На этом мое авторство в сборнике «Средние века» и мой роман с сектором истории Средних веков кончились навеки. Больше я там не печатался. Нужно сказать, что это был год массового исхода из сектора истории Средних веков — такой exodus. Малов ушел, Осиновский ушел, Павлова ушла, ушли еще некоторые люди, которые не хотели там работать. Почему? Не буду отвечать на этот вопрос — я в этом секторе не работал. Ни меня, ни М. А. Барга, ни Л. М. Баткина — ведь не самые уж завалящие мы были медиевисты — никогда в этот сектор и близко не подпускали. Да мы и сами туда не особенно рвались. Чувствуя себя маргиналами, мы пребывали в других подразделениях Института.
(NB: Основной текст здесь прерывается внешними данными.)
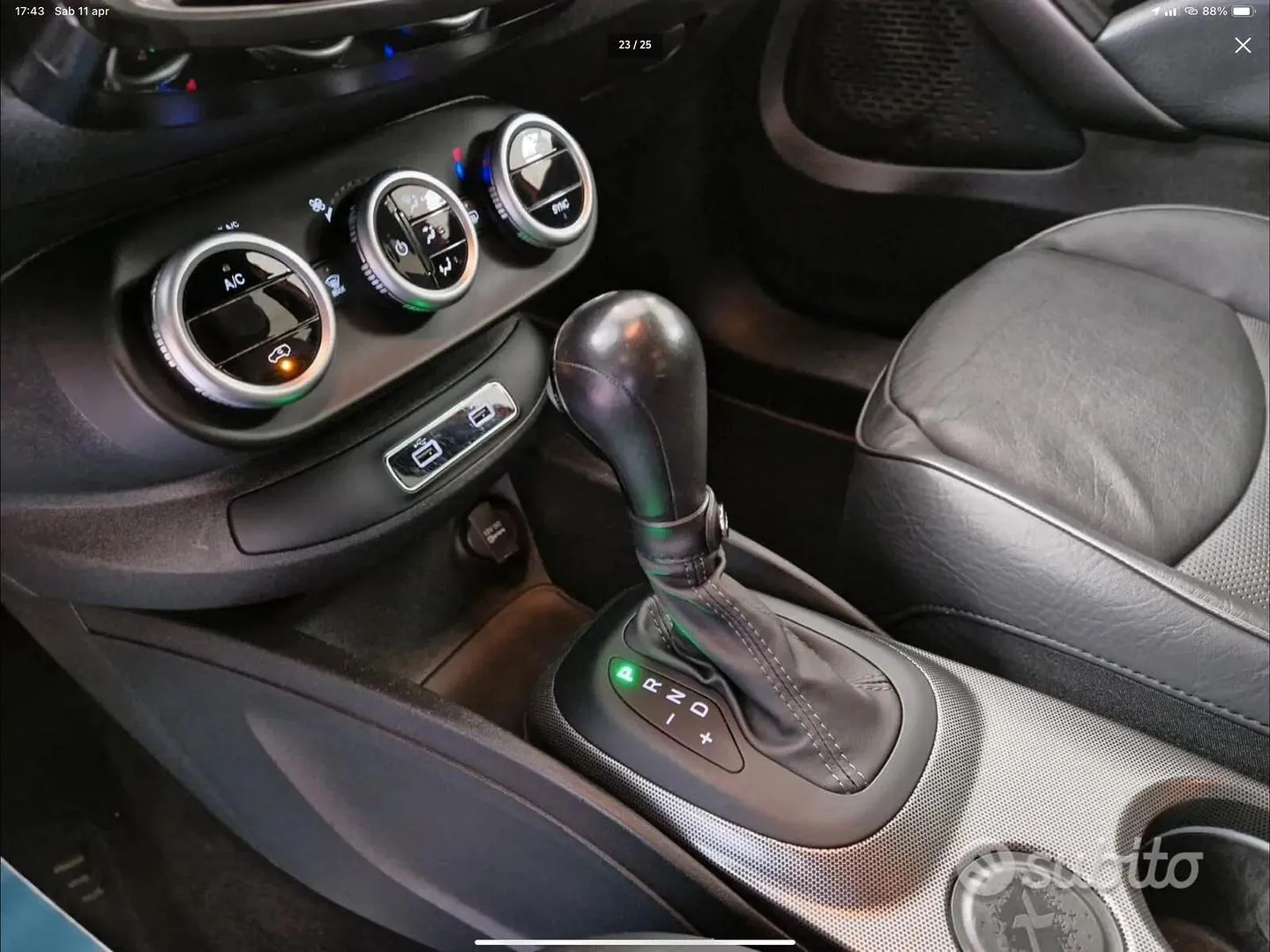 Fiat 500X 2019 photo 5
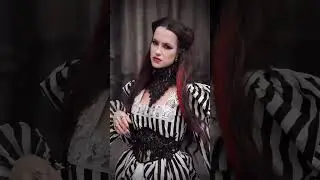 ✨ Enchanting Medieval Dress Try-On | Royalcore & Cottagecore Fashion Inspo 👑💫  #historicaldress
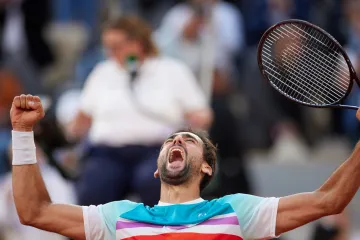 Tenisko čudo iz Međugorja kakvo se ne rađa često: Sretan ti rođendan, majstore!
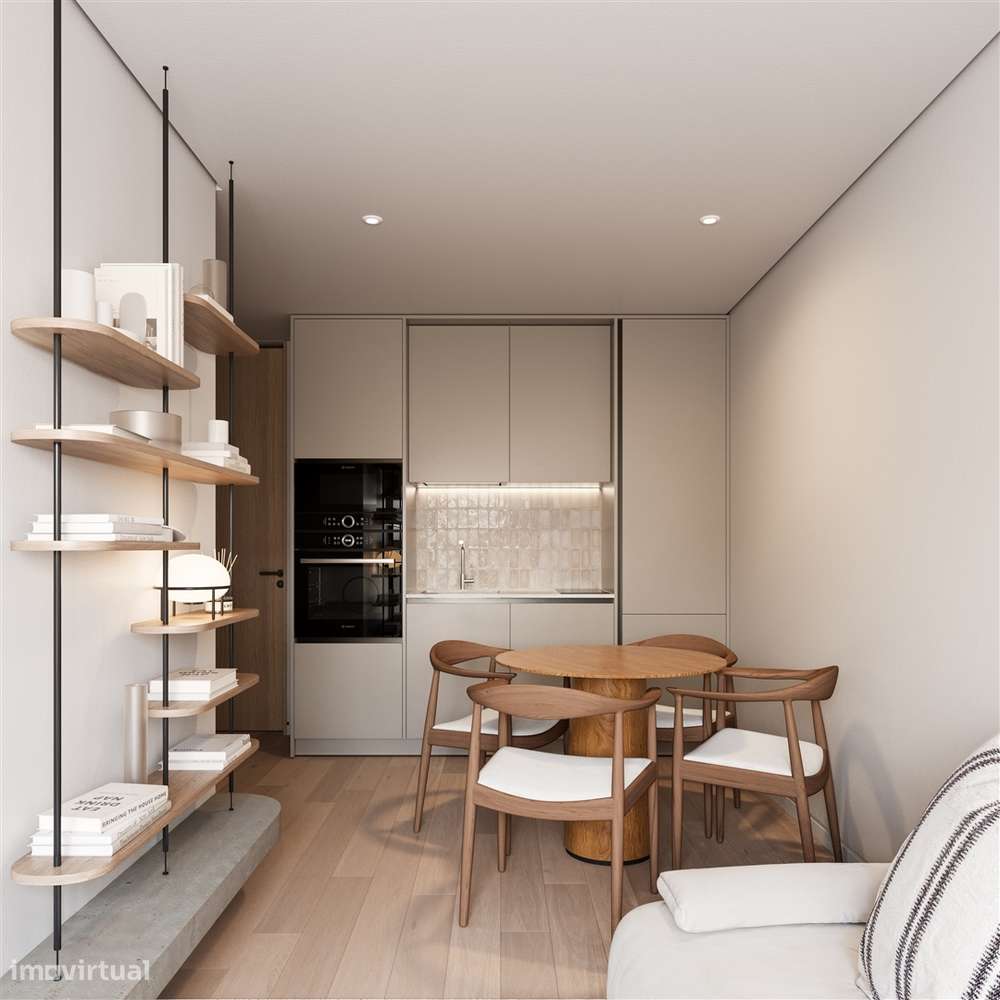 Apartamento T1 Venda em Póvoa de Varzim, Beiriz e Argivai,Póvoa de Var-12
Но какую роль вообще играла Академия наук в эти годы? Ведущие наши гуманитарии — лингвисты, семиотики, литературоведы, историки, искусствоведы — вспомним хотя бы Топорова, Аверинцева, Гаспарова, Мелетинского и многих других, в том числе и историков, уже известных своими трудами, — в университетах не работали. Пожалуй, было только одно исключение — Ю. М. Лотман в Тартуском университете. Так ведь это не в Москве, а в Тарту, на периферии. Еще Вяч. Вс. Иванов работал в МГУ, но в 1960 году, когда он вступился за Б. Л. Пастернака, его, совсем молодого человека, вышвырнули из университета.
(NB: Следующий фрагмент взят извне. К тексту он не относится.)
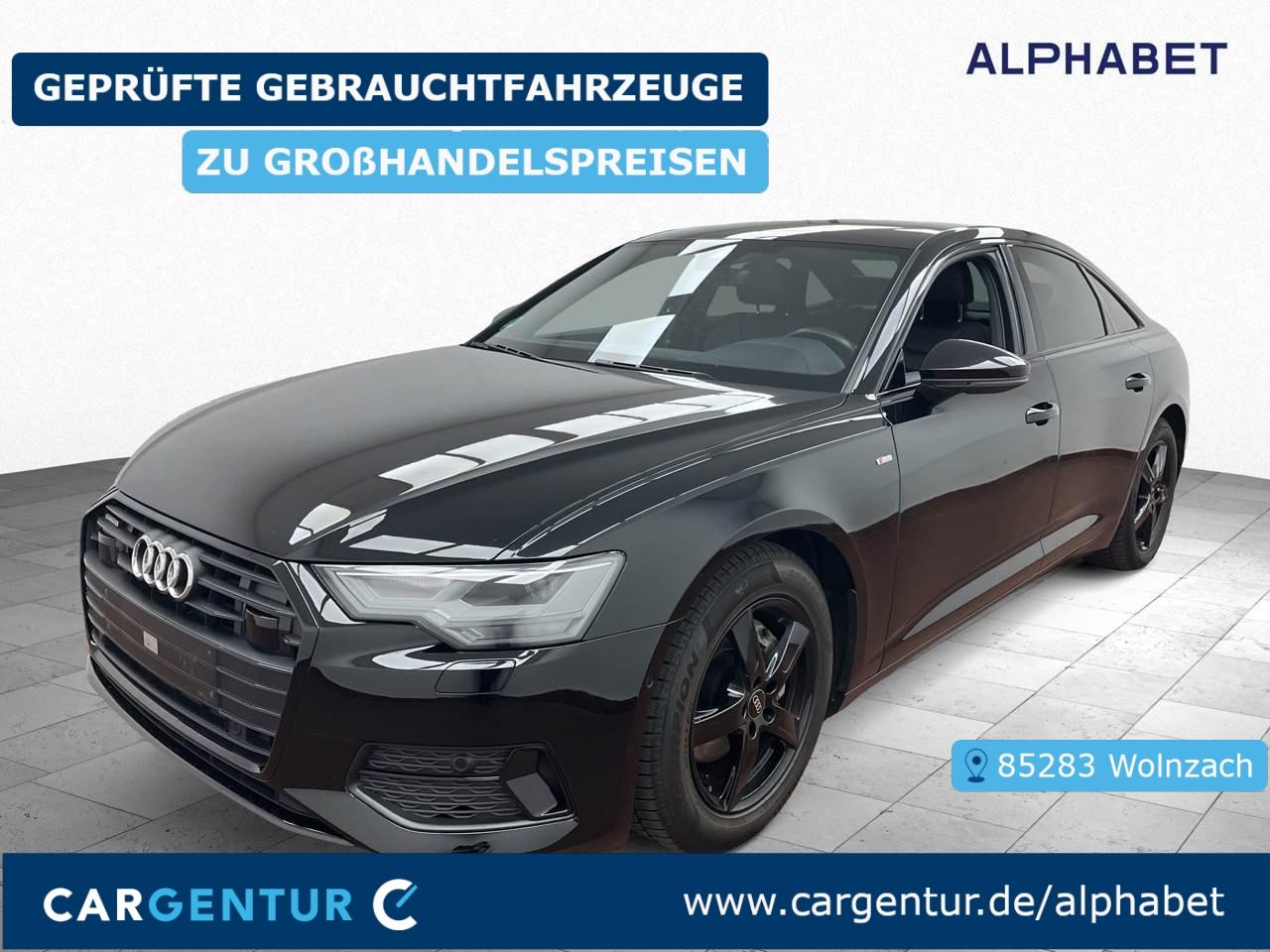 Audi A6 40 2.0 TDI quattro sport S Line Virtual SpoSi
Все мы оказались в академических институтах, кропали свои сочинения, это нам разрешалось. Многие это рассматривали как привилегию — тебя не трогают, за казенное жалованье сидишь и занимаешься своим делом, время от времени выполняешь плановую работу. Но от преподавательской деятельности, дела благодарного, но требующего огромных усилий, нас заботливо оградили и к студентам не подпускали. Мы были изолированы от молодежи. Совместительство не поощрялось, одни лишь боссы считались незаменимыми, и их повсюду приглашали. И много лет спустя, когда совместительство было разрешено и академических специалистов можно было привлекать для преподавания, и то все мы оставались вне университетской системы, кроме вновь образованного РГГУ. Только создание кафедры теории и истории мировой культуры на философском факультете МГУ изменило положение.
В начале 70–х годов мы ощущали все возраставший нажим сил, которые мешали свободному развитию мысли. Требовались историки, которые не думают. А когда появлялись какие‑то группы думающих гуманитариев, то, естественно, с ними старались расправиться. Мы пытались сопротивляться.